The preparation method of the catalyst was the same as that of example 1, except that the soluble copper salt used in the preparation method of the catalyst of this example was copper chloride, and 0.81g of a ruthenium chloride solution having a concentration of 0.43mol/L and 0.75g of a copper chloride solution having a concentration of 1.94mol/L were weighed and mixed in 2.04g of distilled water.
The process for preparing chlorotrifluoroethylene using this catalyst is the same as in example 1.
Example 19
In the hydrodechlorination catalyst, the content of ruthenium is 1.0wt% of the total weight of the catalyst, the content of copper is 0.5wt% of the total weight of the catalyst, and the content of molybdenum nitride is 3.0wt% of the total weight of the catalyst.

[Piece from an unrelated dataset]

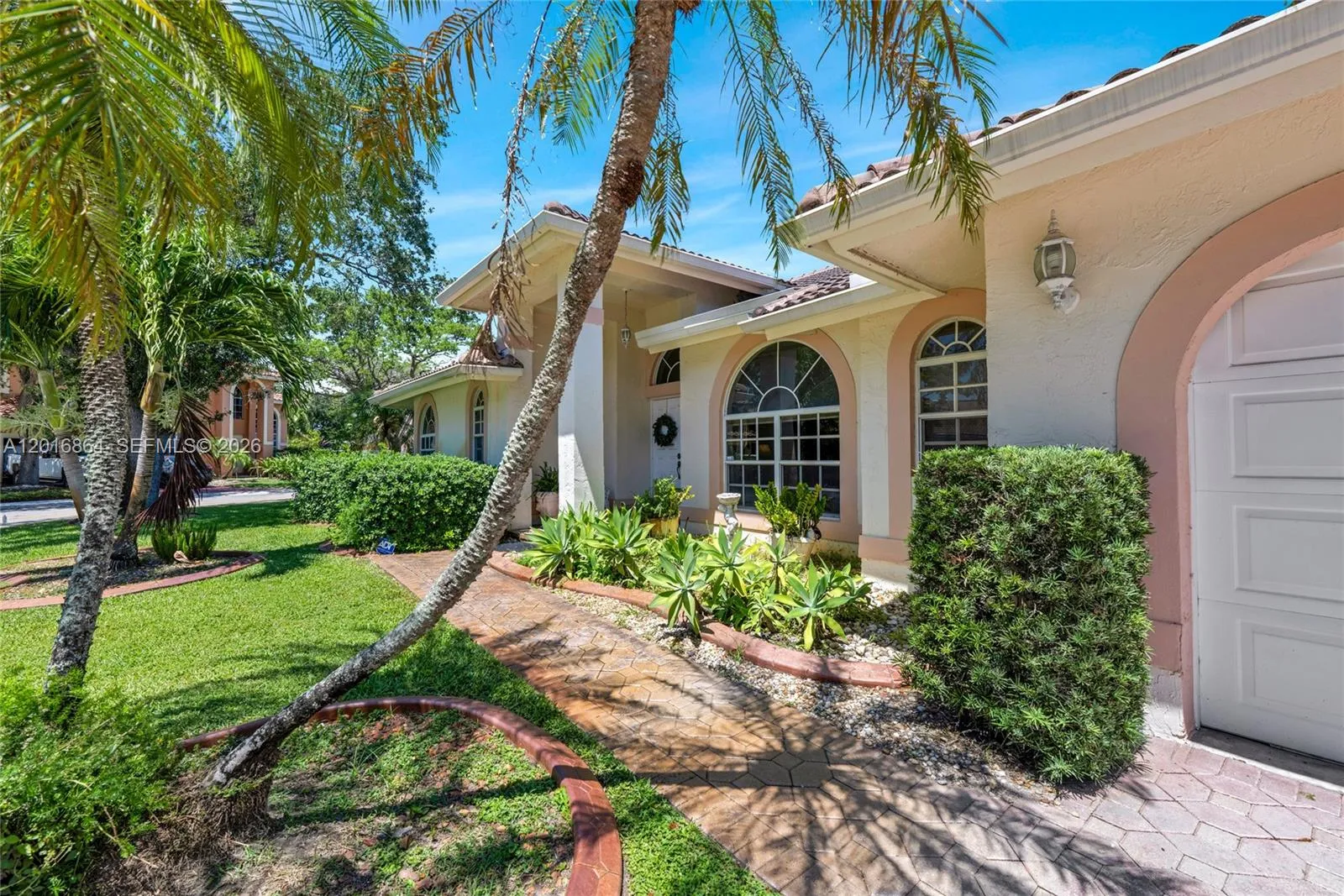 701 SW 93rd Ter, Pembroke Pines FL 33025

The preparation method of the catalyst is the same as that of example 1, except that the soluble copper salt used in the preparation method of the catalyst in this example is copper sulfate, and 0.81g of ruthenium chloride solution with a concentration of 0.43mol/L and 0.75g of copper sulfate solution with a concentration of 1.92mol/L are weighed and mixed in 2.04g of distilled water.
The process for preparing chlorotrifluoroethylene using this catalyst is the same as in example 1.
Example 20
In the supported hydrodechlorination catalyst, the content of ruthenium is 1.0wt% of the total weight of the catalyst, the content of copper is 0.5wt% of the total weight of the catalyst, and the content of molybdenum nitride is 3.0wt% of the total weight of the catalyst.

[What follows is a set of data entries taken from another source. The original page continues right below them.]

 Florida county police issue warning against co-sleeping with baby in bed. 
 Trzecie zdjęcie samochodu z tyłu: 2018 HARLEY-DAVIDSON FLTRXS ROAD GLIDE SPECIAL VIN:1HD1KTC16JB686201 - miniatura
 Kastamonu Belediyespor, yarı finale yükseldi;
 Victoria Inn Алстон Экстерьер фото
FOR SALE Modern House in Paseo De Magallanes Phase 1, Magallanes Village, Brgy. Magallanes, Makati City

The catalyst was prepared as in example 1.
The method for preparing chlorotrifluoroethylene using the catalyst was the same as example 1 except that the reaction temperature used for preparing chlorotrifluoroethylene in this example was 220 ℃.
Example 21
In the supported hydrodechlorination catalyst, the content of ruthenium is 1.0wt% of the total weight of the catalyst, the content of copper is 0.5wt% of the total weight of the catalyst, and the content of molybdenum nitride is 3.0wt% of the total weight of the catalyst.
The catalyst was prepared as in example 1.
The method for preparing chlorotrifluoroethylene using the catalyst was the same as example 1, except that the reaction temperature used for preparing chlorotrifluoroethylene in this example was 320 ℃.
Example 22
In the supported hydrodechlorination catalyst, the content of ruthenium is 1.0wt% of the total weight of the catalyst, the content of copper is 0.5wt% of the total weight of the catalyst, and the content of molybdenum nitride is 3.0wt% of the total weight of the catalyst.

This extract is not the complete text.